Giorgio Panizzi – Vice presidente del Circolo Fratelli Rosselli panizzigiorgio@gmail.com – 338 4937995
FOTO 1940 – Un gruppo di ragazzine di Londra gioca indossando maschere antigas in un parco vicino a delle case temporanee nella costa sud dell’Inghilterra
Note
(1) Saverio Tunetti. Nato a Palermo il 29 novembre 1913, trucidato a La Storta (Roma) il 4 giugno 1944, maestro elementare, tenente. Militante socialista, dopo l’8 settembre 1943, entrò a far parte a Roma (dove era stato mobilitato in Aeronautica), delle Brigate Matteotti. Con l’incarico di responsabile della III Zona, fu attivo sino al 5 maggio 1944, allorché fu arrestato dai nazisti. Rinchiuso nelle celle di via Tasso, Tunetti rifiutò di cedere a minacce e torture e fu così raggruppato dai nazisti con i detenuti che si riservavano di eliminare alla prima rappresaglia a cui sarebbero ricorsi. All’atto di abbandonare Roma, Tunetti fu prelevato dai tedeschi con altri prigionieri (tra i quali Bruno Buozzi) e a La Storta fu abbattuto a raffiche di mitra con i suoi compagni. A Roma, dove gli è stata intitolata una strada, una lapide lo ricorda in via del Vignola 73.

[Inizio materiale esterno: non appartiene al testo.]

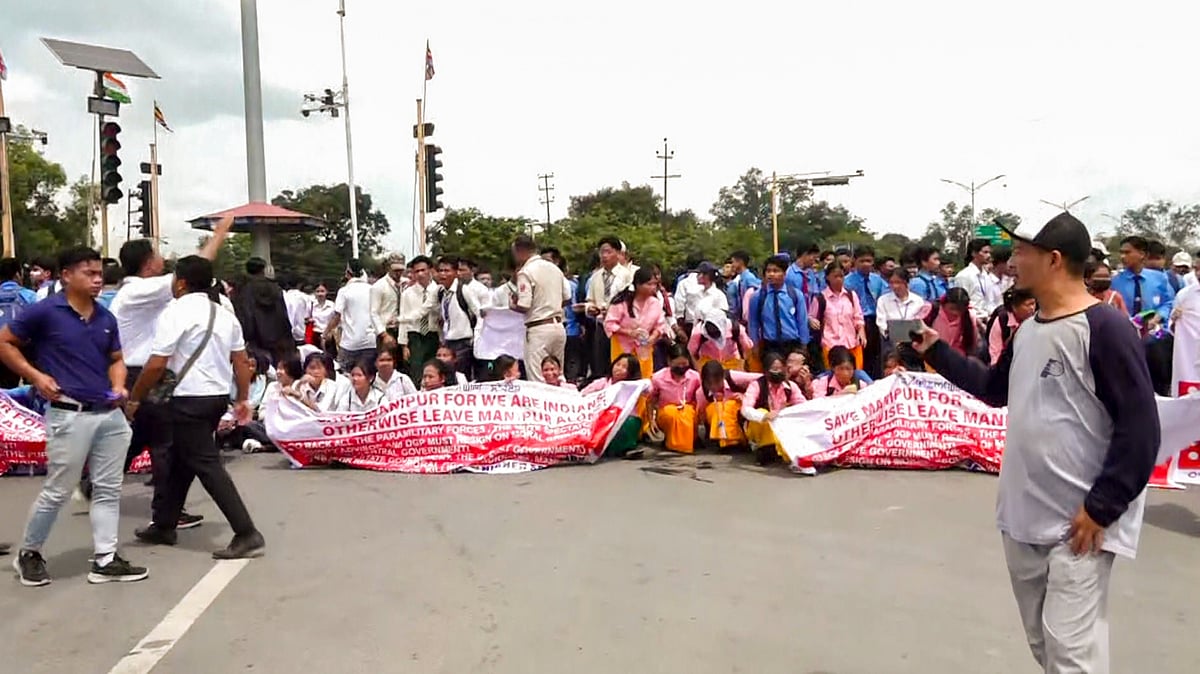 Manipur: Protests against BJP govt, curfew in 3 districts  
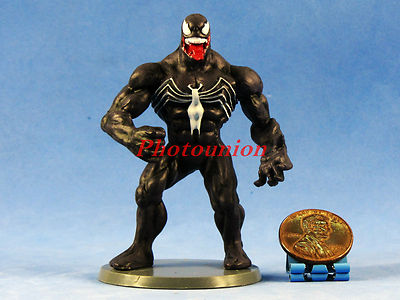 MARVEL SUPERHERO The SPIDER-MAN Venom Action Figur Statue Modell DIORAMA A287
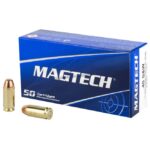 MagTech Range/Training Brass .40 SW 180-Grain 50-Rounds FMJFN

(2) Gabor Adler, volontario ungherese, alias il capitano inglese “John Armstrong”‘, alias “Gabriele Bianchi”, inviato a Roma dagli inglesi in azione di spionaggio
Eugenio Arrighi, tenente (Fronte militare clandestino)
Frejdrik Borian, ingegnere polacco (Brigate Matteotti)
Alfeo Brandimarte, maggiore delle Armi navali (Fronte militare clandestino) – Medaglia d’oro al valor militare
Bruno Buozzi, operaio, dirigente sindacale, già deputato del PSI (Brigate Matteotti)].
Luigi Castellani, impiegato (Brigate Matteotti)
Vincenzo Conversi, ragioniere (Brigate Matteotti)
Libero De Angelis, meccanico (Brigate Matteotti)
Edmondo Di Pillo, ingegnere (Brigate Matteotti) – Medaglia d’oro al valor militare
Pietro Dodi, generale di cavalleria nella riserva (Fronte militare clandestino) – Medaglia d’oro al valor militare
Lino Eramo, avvocato
Alberto Pennacchi, tipografo (Brigate Matteotti)
Enrico Sorrentino, capitano (Fronte militare clandestino)
(3) Giuseppe Cordero Lanza di Montezemolo (1901 – 1944) Comandante del Fronte Militare Clandestino, martire alle Fosse Ardeatine e Medaglia d’oro al valor militare alla memoria.
(4) Francesco (Ancona 1828 – Roma, 1849) e Alessandro Archibugi (Ancona, 1829 – Civitavecchia, 1849) patrioti nella difesa della Repubblica Romana. Soprannominati “i Cairoli anconetani”, si arruolarono nel Battaglione universitario romano
(5) Gaetano Filangieri (1753 – 1788) è stato un giurista e filosofo italiano del Regno di Napoli. È ritenuto uno dei massimi giuristi e pensatori italiani del XVIII secolo.